Pictures do not belong in the copy; restate the records below word for word.

[Provided entries — start]

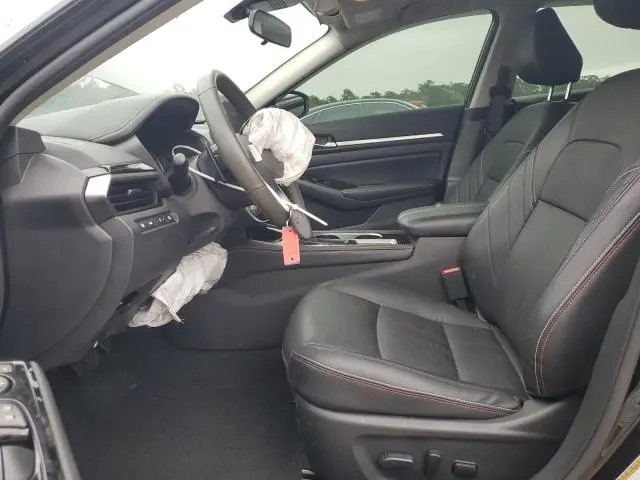 2024 NISSAN ALTIMA SR  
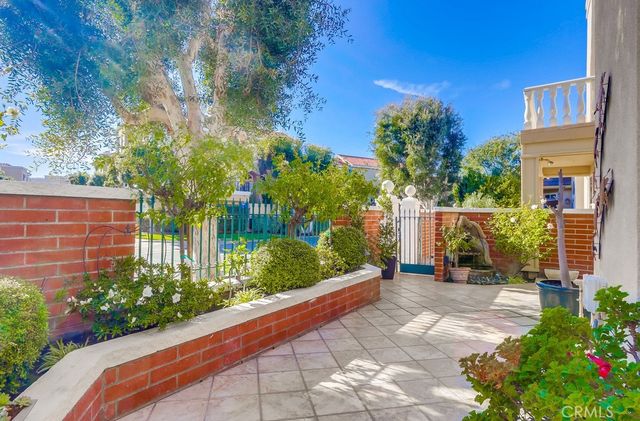 6172 Eaglecrest, Huntington Beach, CA 92648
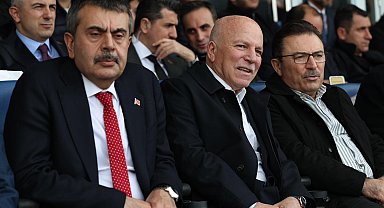 Başkan Sekmen'den Bakan Tekin'e destek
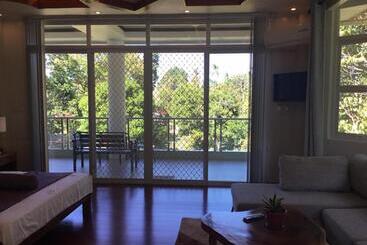 Апарт-отель Camiguin Lanzones Resort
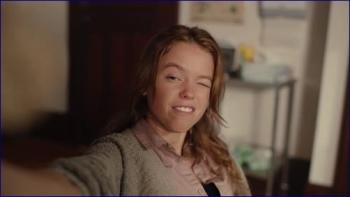 008199_milly-alcock-upright-s01e02-2019-image-1-13.jpg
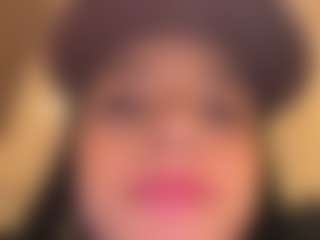 Kira Lopez's Live Sex Cam Show
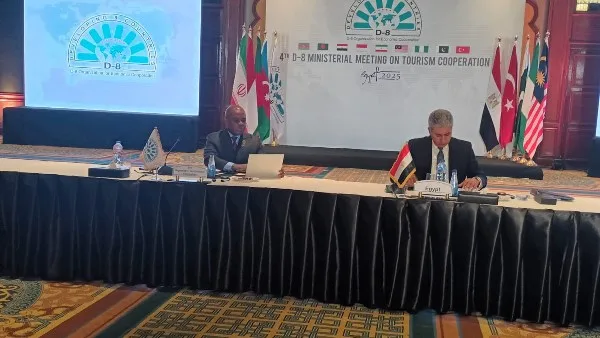 انطلاق الاجتماع الرابع لوزراء السياحة الأعضاء بمنظمة الدول الثماني النامية بمصر انطلاق الاجتماع الرابع لوزراء السياحة الأعضاء بمنظمة الدول الثماني النامية بمصر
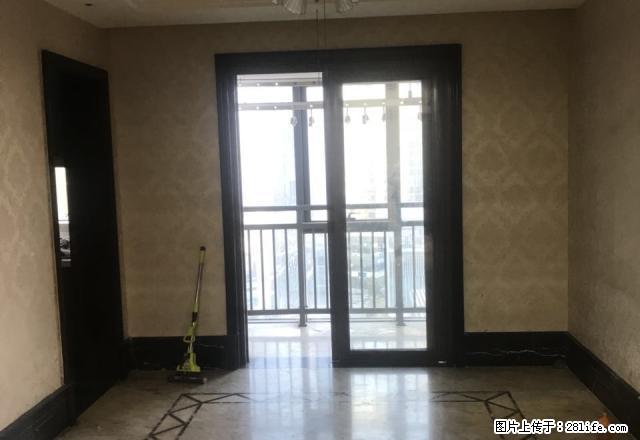 双地铁口 绿地中央广场 豪华装修办公会所 只租1万位置绝杀 - 房屋出租 - 房屋租售 - 南昌分类信息 - 南昌28生活网 nc.28life.com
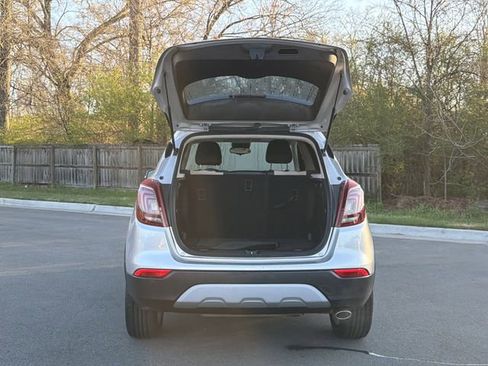 Used 2018 Buick Encore Preferred image 15
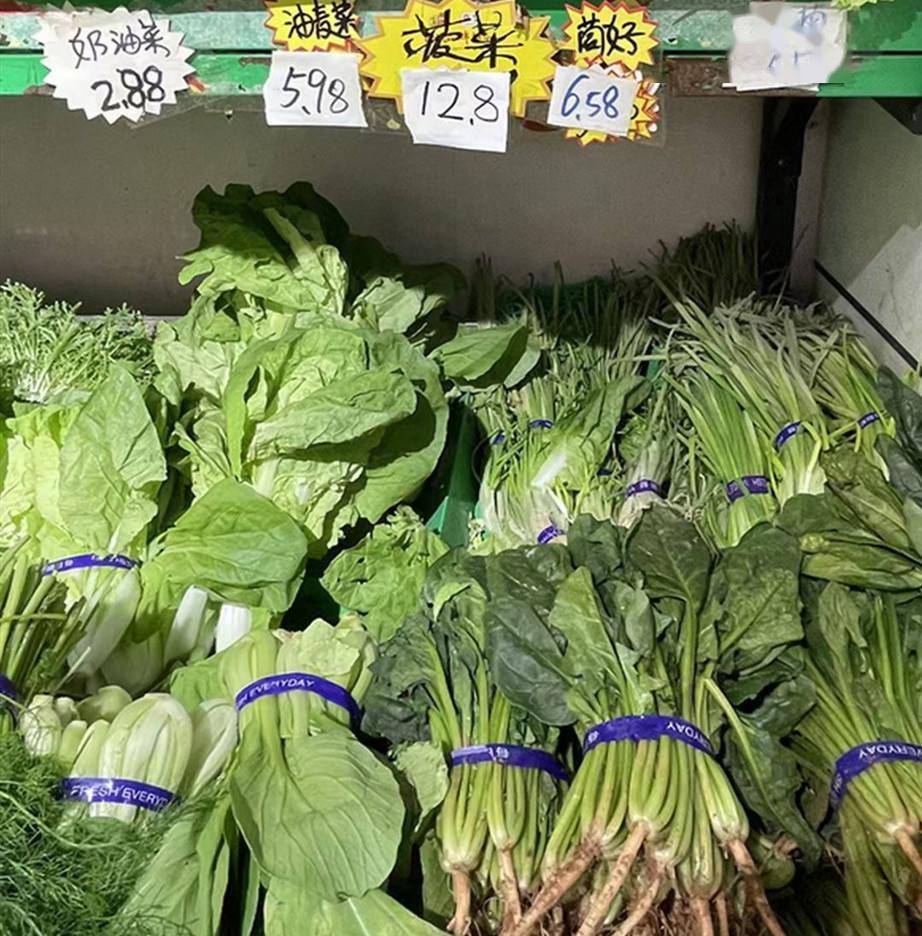 菠菜15一斤，价格比肉还贵，你如何看待这一现象？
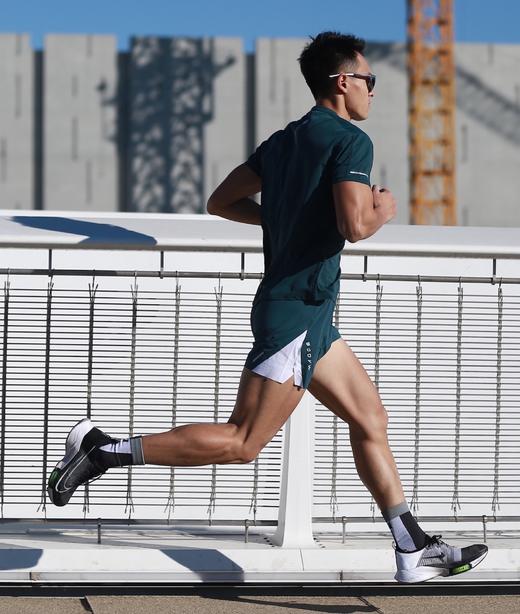 BODYWIT男赤乌3寸竞速手机袋马拉松短裤-无内衬 商品图1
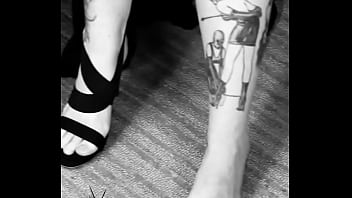 Hellfire #blackshoes #tryonhaul these were pretty comfortable shoes although she doesn't seem to be very #excited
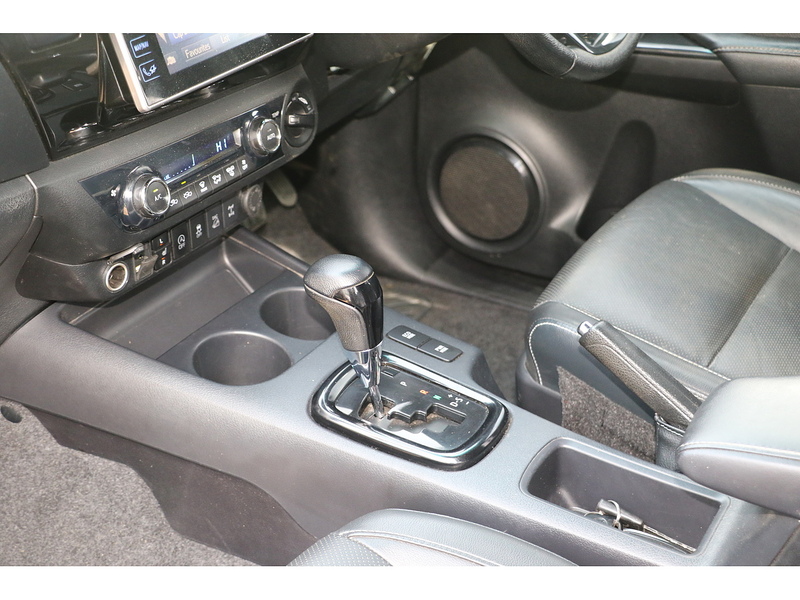 Toyota 2.4 D-4D Invincible X Pickup Double Cab 4dr Diesel Auto 4WD Euro 6 (s/s) (TSS) (150 ps)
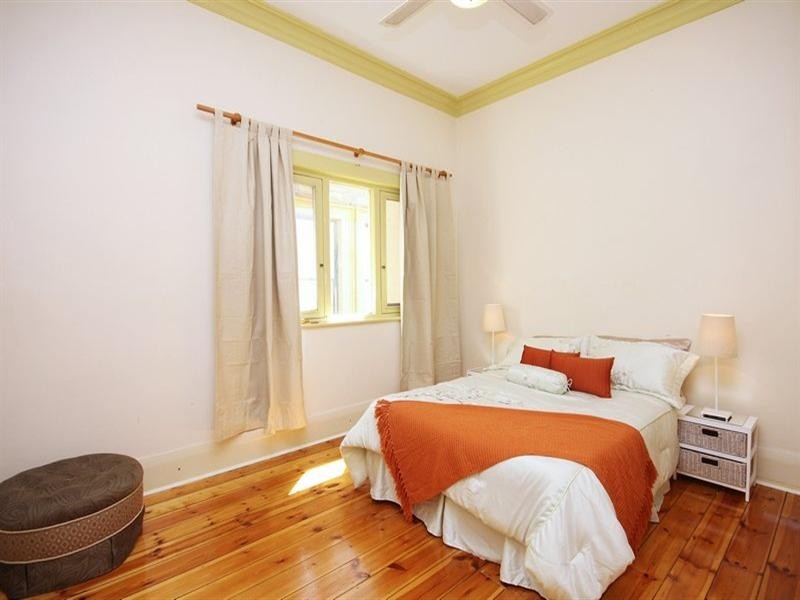 4/17 South Esplanade, Glenelg SA 5045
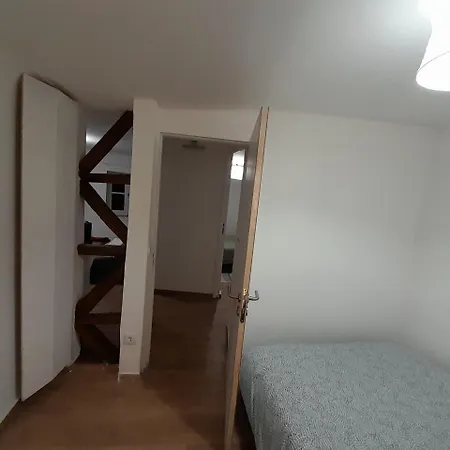 Chiado Carmo Sunny *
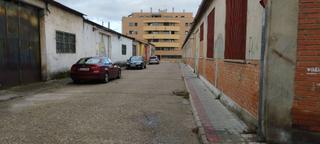 Aparcament cotxe a Calle santo domingo de guzmán 1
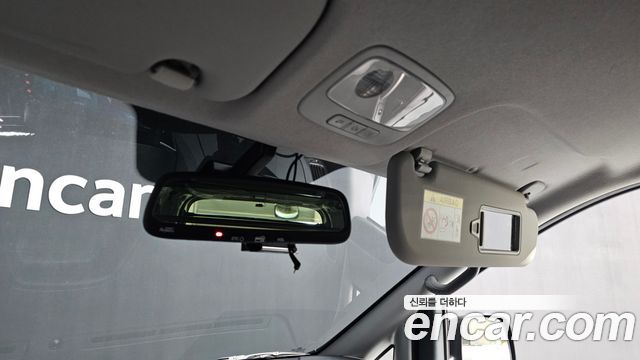 Hyundai Starex 2021 — photo 25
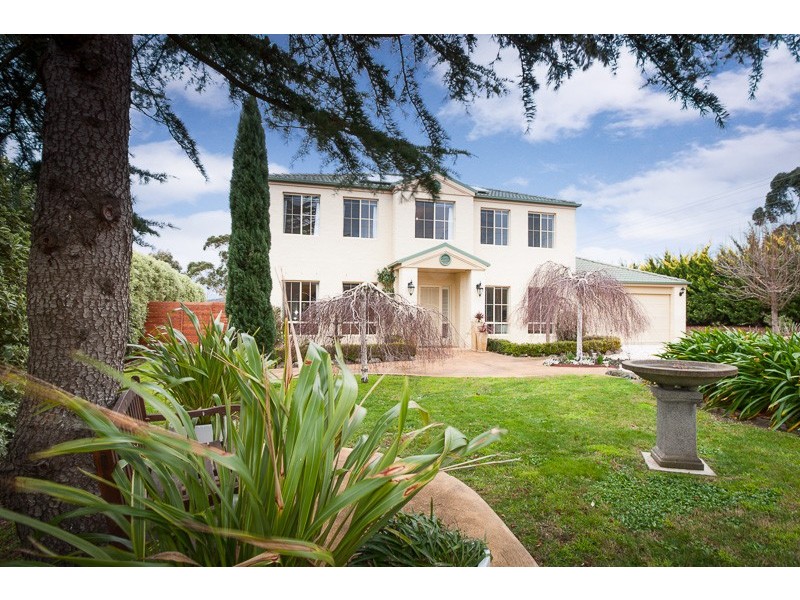 41 Cherry Lane, Gisborne VIC 3437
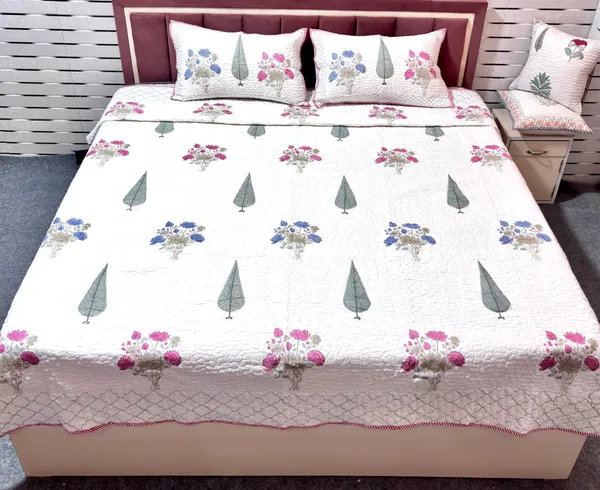Cotton_Percale_Quilted_Floral_Print_Bedcover_With_2_Pillow_Covers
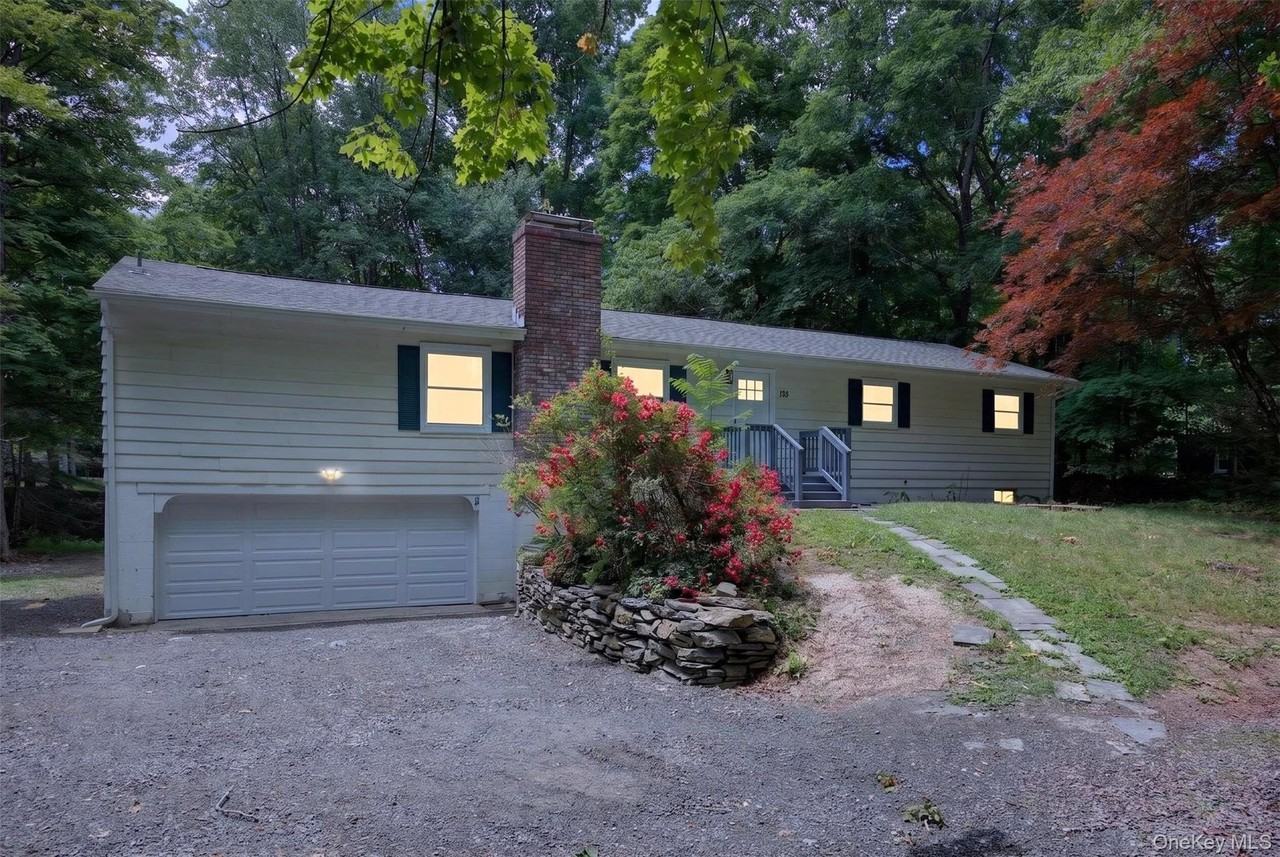 179 Roosevelt Rd - Photo 4 of 48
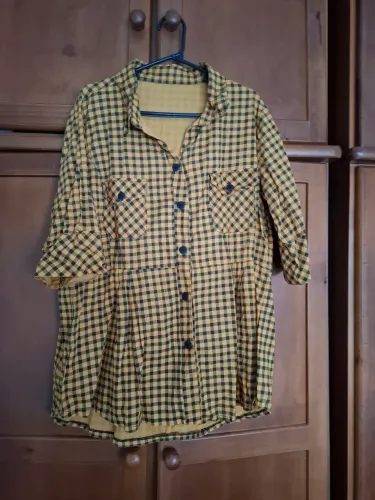 Camisa xadrez amarela e preta estilo bata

[Provided entries — finish]

Solution for this exercise =>
 2024 NISSAN ALTIMA SR  
 6172 Eaglecrest, Huntington Beach, CA 92648
 Başkan Sekmen'den Bakan Tekin'e destek
 Апарт-отель Camiguin Lanzones Resort
 008199_milly-alcock-upright-s01e02-2019-image-1-13.jpg
 Kira Lopez's Live Sex Cam Show
 انطلاق الاجتماع الرابع لوزراء السياحة الأعضاء بمنظمة الدول الثماني النامية بمصر انطلاق الاجتماع الرابع لوزراء السياحة الأعضاء بمنظمة الدول الثماني النامية بمصر
 双地铁口 绿地中央广场 豪华装修办公会所 只租1万位置绝杀 - 房屋出租 - 房屋租售 - 南昌分类信息 - 南昌28生活网 nc.28life.com
 Used 2018 Buick Encore Preferred image 15
 菠菜15一斤，价格比肉还贵，你如何看待这一现象？
 BODYWIT男赤乌3寸竞速手机袋马拉松短裤-无内衬 商品图1
 Hellfire #blackshoes #tryonhaul these were pretty comfortable shoes although she doesn't seem to be very #excited
 Toyota 2.4 D-4D Invincible X Pickup Double Cab 4dr Diesel Auto 4WD Euro 6 (s/s) (TSS) (150 ps)
 4/17 South Esplanade, Glenelg SA 5045
 Chiado Carmo Sunny *
 Aparcament cotxe a Calle santo domingo de guzmán 1
 Hyundai Starex 2021 — photo 25
 41 Cherry Lane, Gisborne VIC 3437
Cotton_Percale_Quilted_Floral_Print_Bedcover_With_2_Pillow_Covers
 179 Roosevelt Rd - Photo 4 of 48
 Camisa xadrez amarela e preta estilo bata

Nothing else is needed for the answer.